If you are taking it back down to the original oak, I would put a sanding sealer on it first, let it dry, sand it with 320 grit, blow it off with compressed air, then put a couple of coats of Watco Danish Oil (clear) on it, sanding in between coats…..After the last coat has dried (I'd wait about 24 hrs.), then I use a clear wipe-on poly, letting each coat dry, then sand in between coats till the last coat is put on…..I'd prolly put about 3-4 coats on.
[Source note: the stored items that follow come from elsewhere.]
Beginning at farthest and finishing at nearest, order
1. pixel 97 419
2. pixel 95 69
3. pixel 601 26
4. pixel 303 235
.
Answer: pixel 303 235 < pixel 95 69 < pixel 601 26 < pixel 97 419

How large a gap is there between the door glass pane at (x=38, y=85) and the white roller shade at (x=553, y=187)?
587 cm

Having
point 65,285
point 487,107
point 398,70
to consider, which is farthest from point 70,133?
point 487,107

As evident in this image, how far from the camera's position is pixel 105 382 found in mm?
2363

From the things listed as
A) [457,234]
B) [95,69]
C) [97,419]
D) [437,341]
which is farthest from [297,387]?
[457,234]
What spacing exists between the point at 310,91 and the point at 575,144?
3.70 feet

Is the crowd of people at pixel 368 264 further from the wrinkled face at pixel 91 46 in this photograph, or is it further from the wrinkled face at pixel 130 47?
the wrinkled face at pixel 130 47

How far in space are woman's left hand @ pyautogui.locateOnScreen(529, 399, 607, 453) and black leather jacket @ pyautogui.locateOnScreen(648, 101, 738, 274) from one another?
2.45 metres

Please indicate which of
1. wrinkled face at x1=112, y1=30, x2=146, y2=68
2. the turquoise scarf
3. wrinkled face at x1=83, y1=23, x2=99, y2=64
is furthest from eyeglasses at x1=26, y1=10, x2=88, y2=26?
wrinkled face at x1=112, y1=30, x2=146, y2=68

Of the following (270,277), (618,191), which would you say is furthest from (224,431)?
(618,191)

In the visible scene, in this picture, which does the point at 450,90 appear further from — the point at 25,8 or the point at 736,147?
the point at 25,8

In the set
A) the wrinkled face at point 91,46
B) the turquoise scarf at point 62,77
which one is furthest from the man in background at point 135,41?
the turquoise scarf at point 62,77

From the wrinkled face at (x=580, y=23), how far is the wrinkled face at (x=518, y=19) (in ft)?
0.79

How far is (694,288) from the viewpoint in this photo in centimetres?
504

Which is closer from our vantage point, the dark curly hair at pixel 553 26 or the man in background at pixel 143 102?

Once the last coat has dried good for about 24 hrs., I then use 600-800 wet/ dry sandpaper with Lemon oil to really give it a good smooth finish….... Here's a picture of a hall table I did, using this method…...It's oak, also….


----------



## Sumdume (Aug 22, 2010)

Thanks Folks, 
I was wondering if I should use shellac because I may not get all of the old finish off of some pieces.
Thankfully someone had already removed the gum. So I did not have to mess up my chisels.


----------



## Sumdume (Aug 22, 2010)

Rick D. The table looks great.


----------



## ClintSearl (Dec 8, 2011)

Forget the twelve step program. Two or three coats of either oil or waterborne poly will produce results just as good. After the first coat, knock down any nibs with 220 paper or maroon scotchbrite, followed by a couple full coats. Finish by rubbing out with 0000 steel wool lubed with paste wax. Polish with an old tee shirt. Have fun.


----------



## Finisherman (May 3, 2013)

Shellac would be an excellent choice for your desk, especially if it's a real antique. Is there a reason why you can't get all of the old finish off of some of the parts? In my experience, a methylene chloride based stripper will remove just about any common finish, provided that it's given enough time to do its job.


----------



## Sumdume (Aug 22, 2010)

Thanks Finisherman, 
I am using sand paper and card scrapers to remove the old finish and grime. I am concerned about missing some of the old finish due to the difficulty of getting into all the corners.
I did not even consider using a chemical stripping solution. I think that is because I am too used to sand paper. Besides, I thought strippers worked best on poles. LOL


----------